Fibered product of Hopf Fibrations

Question

I am wondering: what is the vector bundle associated to the Hopf-fibration $S^{3}\to S^{2}$?

What is the fibered product of two Hopf-fibrations?

Thanks.

Answer 1

$\newcommand{\Cpx}{\mathbf{C}}\newcommand{\Proj}{\mathbf{P}}$Modulo orientation, the complex line bundle coming from the Hopf map $\pi:S^{3} \to S^{2}$ is the tautological line bundle $\mathcal{O}_{\Proj^{1}}(-1)$, whose total space is the blow-up of $\Cpx^{2}$ at the origin. (The same real $2$-plane bundle with the opposite orientation is the hyperplane bundle $\mathcal{O}_{\Proj^{1}}(1)$, whose total space is the complement of a point in $\Cpx\Proj^{2}$.)
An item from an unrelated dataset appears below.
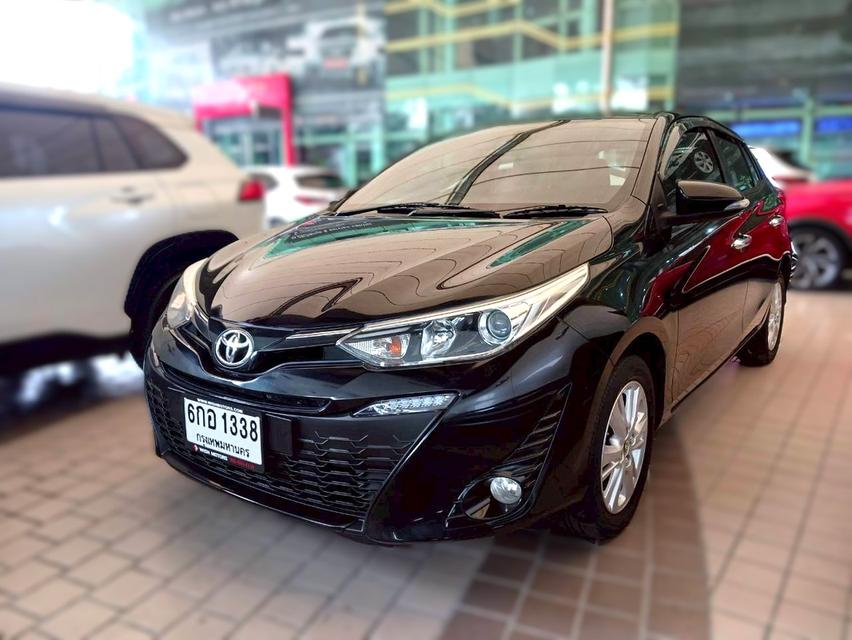 2017 Toyota YARIS 1.2G รถสวยมือเดียว พร้อมใช้งาน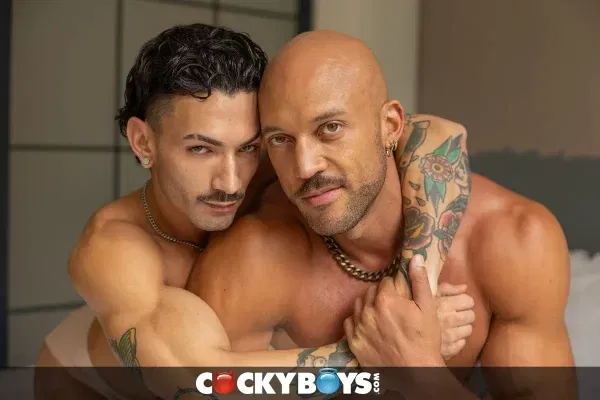 Rocky Unleashed & Siren Santiago At CockyBoys Gay Porn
The fibre product of the Hopf map with itself (i.e., the pullback of the Hopf bundle by the Hopf map) is the torus bundle over $S^{2}$ whose fibre over a point $p$ is $\pi^{-1}(p) \times \pi^{-1}(p)$. The total space is a circle bundle over $S^{3}$ in two ways, by projecting away the respective factors.

---

Identify the circle $S^{1}$ with the multiplicative group of unit complex numbers. If $\pi:P \to M$ is a principal $S^{1}$-bundle over a smooth manifold $M$ and $\rho$ is an effective linear representation of $S^{1}$ on $\Cpx$ (i.e., $\rho(e^{it})$ is multiplication by $e^{it}$, or by $e^{-it}$), then there is a complex line bundle $$ E = P \times_{S^{1}} \Cpx \to M, $$ in which the action of $S^{1}$ on $P$ is the principal action, and the action on $\Cpx$ is via $\rho$.
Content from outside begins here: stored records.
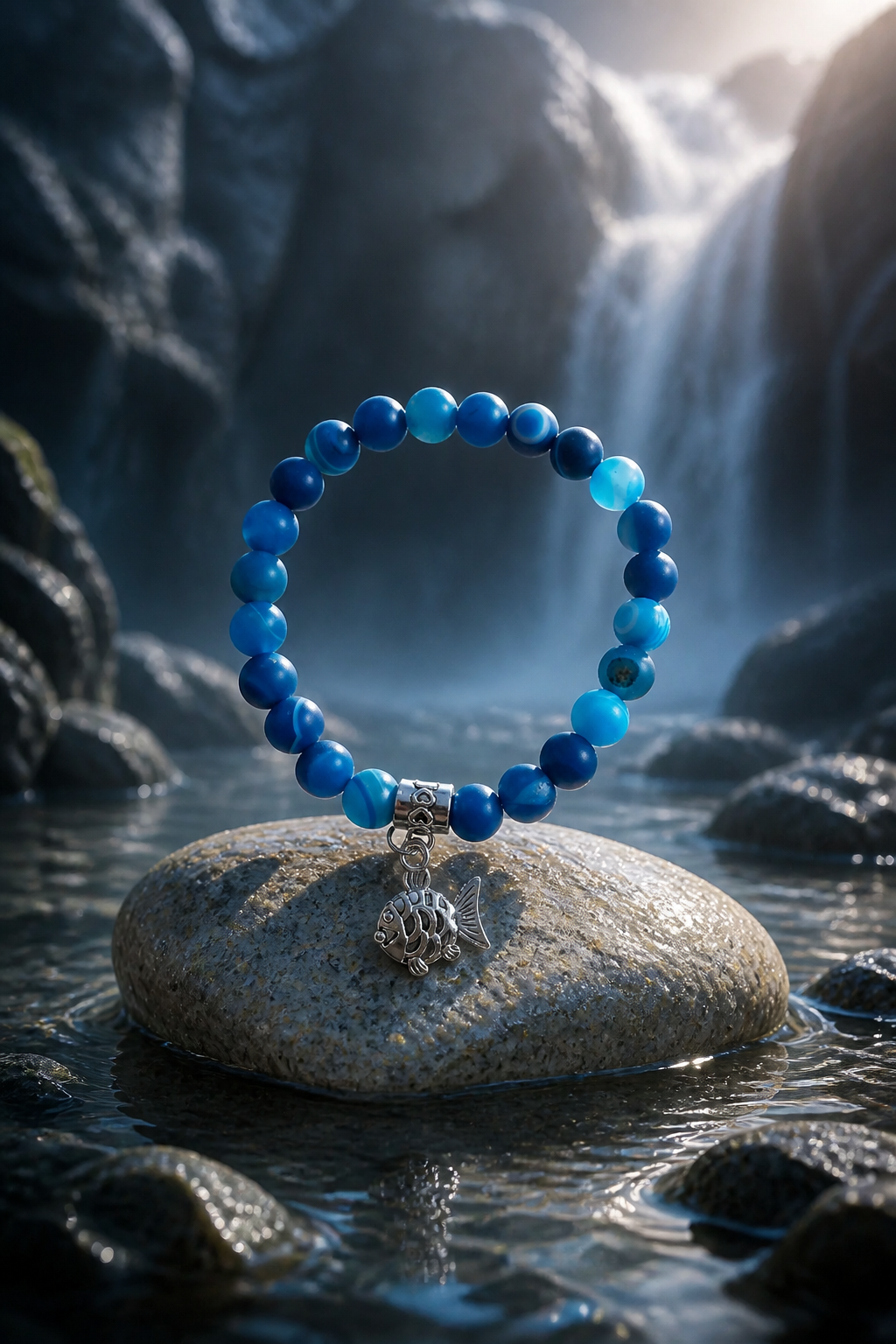 Blue Energy Bracelets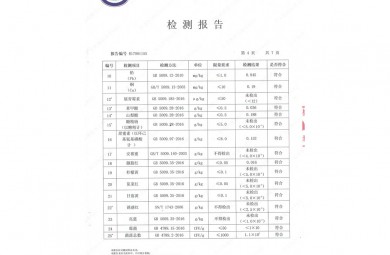 檢驗報告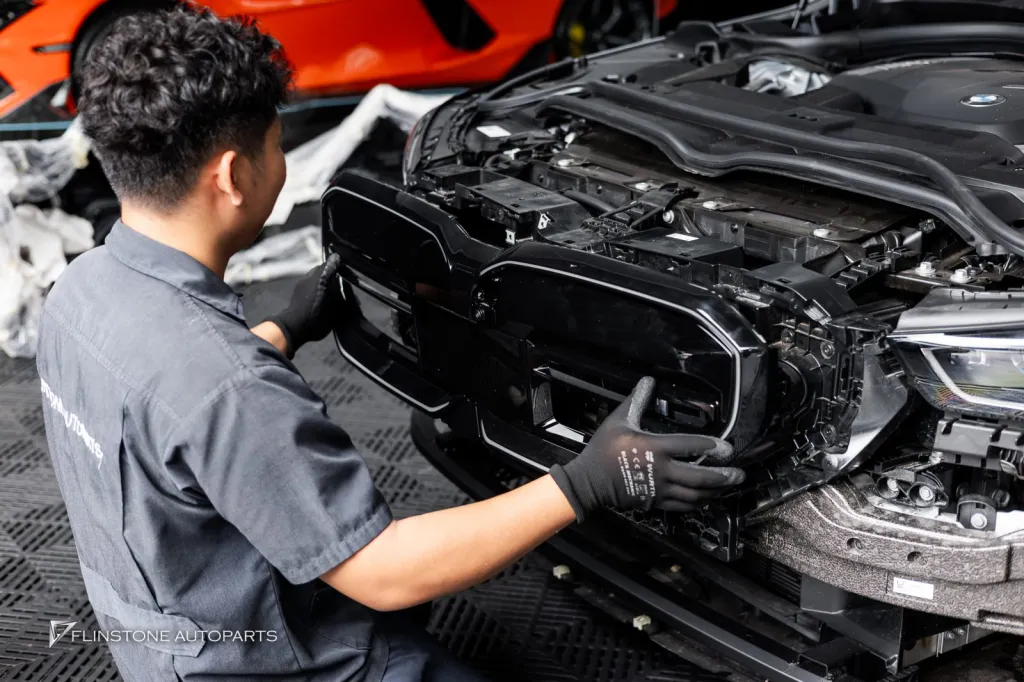 BMW G60 to  M5 พาร์ทรอบคัน + คาบอน , ล้อusus ,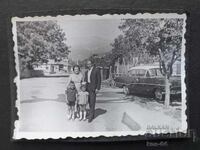 Παλιά φωτογραφία Αυτοκίνητο Αυτοκίνητο - 8,5/6 cm.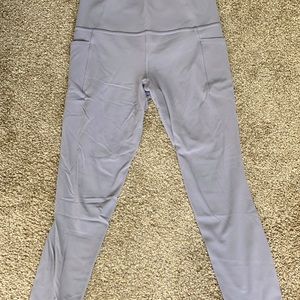 Athleta Salutation 7/8 Leggings in Periwinkle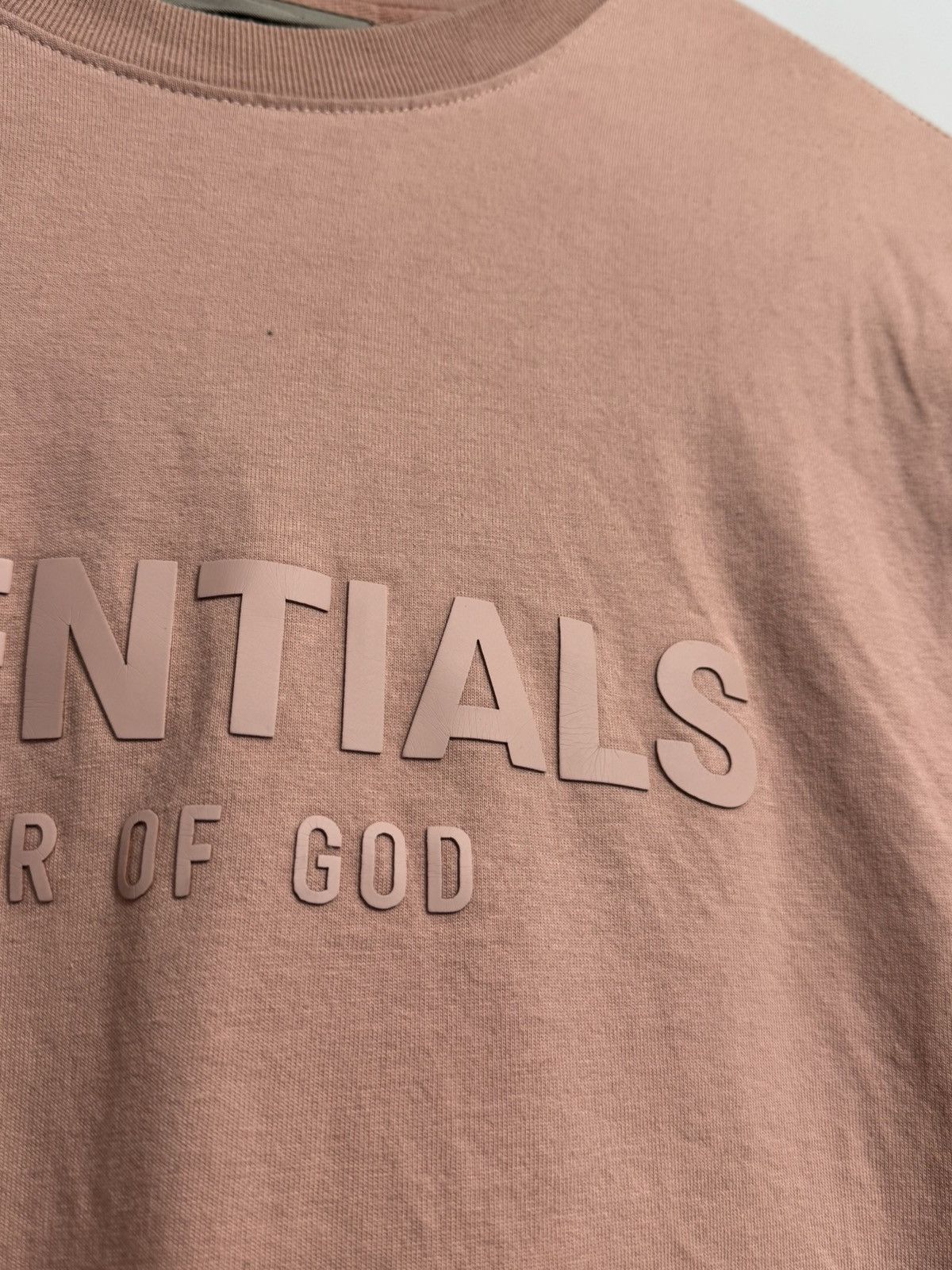 Essentials Essential Fear Of God Pink T Shirt All Size S Size US S / EU 44-46 / 1 - 8 Thumbnail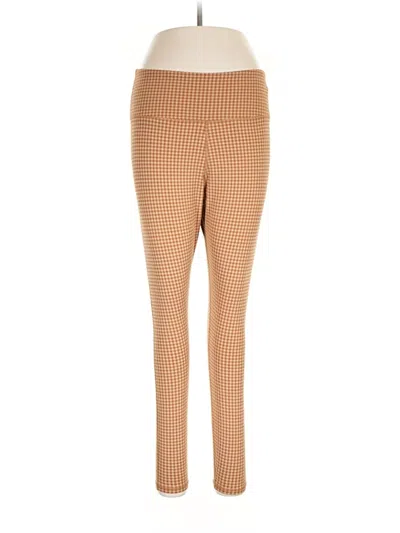 Pre-owned Mwl By Madewell Casual Pants In Brown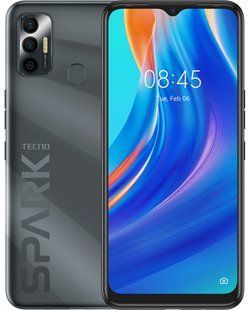 Смартфон Tecno Spark 7 (KF6n) 4/128GB Magnet Black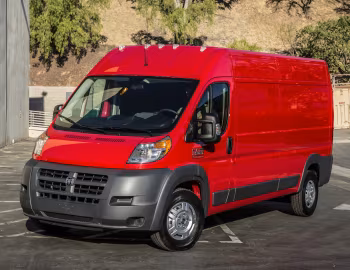 2014–18 Ram ProMaster 2500 Cargo Van High Roof 159" WB '2013–18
The usual norm on $\Cpx$ induces an Hermitian metric in $E$, for which the total space of $P$ is the unit circle bundle.

The $2$-sphere may be identified with $\Cpx\Proj^{1}$, the space of complex lines through the origin in $\Cpx^{2}$, and the $3$-sphere may be identified with the set of unit vectors in $\Cpx^{2}$, whereupon the Hopf bundle $P = S^{3} \to S^{2}$ is identified with the projection sending a unit vector $x$ to the (complex) line through $x$, viewed as an element of $S^{2}$.

The action $S^{1} \times S^{3} \to S^{3}$ defined by $(e^{it}, x) \mapsto e^{it}x$ endows $S^{3}$ with the structure of a principal circle bundle over $S^{2}$. If $\rho$ is an effective representation of the circle on $\Cpx$, the associated complex line bundle is obtained from the restriction of the circle action $$ S^{1} \times (\Cpx^{2} \times \Cpx) \to \Cpx^{2} \times \Cpx,\qquad (e^{it}, x, v) \mapsto (e^{it} x, e^{\pm it}v). \tag{1} $$

If $S^{1}$ acts by conjugate multiplication on $\Cpx$, the associated complex line bundle is obtained from the restriction of the circle action $$ S^{1} \times (\Cpx^{2} \times \Cpx) \to \Cpx^{2} \times \Cpx,\qquad (e^{it}, x, v) \mapsto (e^{it} x, e^{-it}v). $$ The product $(x, v) \mapsto vx$ is invariant under the action, so we may identify the second factor $\Cpx$ with the line through $x$, subject to the understanding that "each line has its own origin/zero vector". The latter is precisely the total space of the blow-up of $\Cpx^{2}$ at the origin. The induced complex line bundle is $\mathcal{O}_{\Proj^{1}}(-1)$.

The action of $S^{1}$ by ordinary multiplication also has a familiar interpretation. Equation (1) becomes the action of $S^{1}$ on $\Cpx^{3}$ by scalar multiplication, whose quotient is $\Cpx\Proj^{2}$. Since $x$ is point of $S^{3}$, i.e., a unit vector in $\Cpx^{2}$, the point $[0:0:1]$ is not in the image; that is, the total space of this line bundle is the complement of a point in $\Cpx\Proj^{2}$. The projective line $S^{2}$ sits "at infinity", and the bundle projection is radial projection from the origin. In algebraic geometry, this complex (in fact, holomorphic) line bundle is the "hyperplane bundle" $\mathcal{O}_{\Proj^{1}}(1)$.

The underlying (unoriented) real $2$-plane bundles are equivalent under fibrewise conjugation.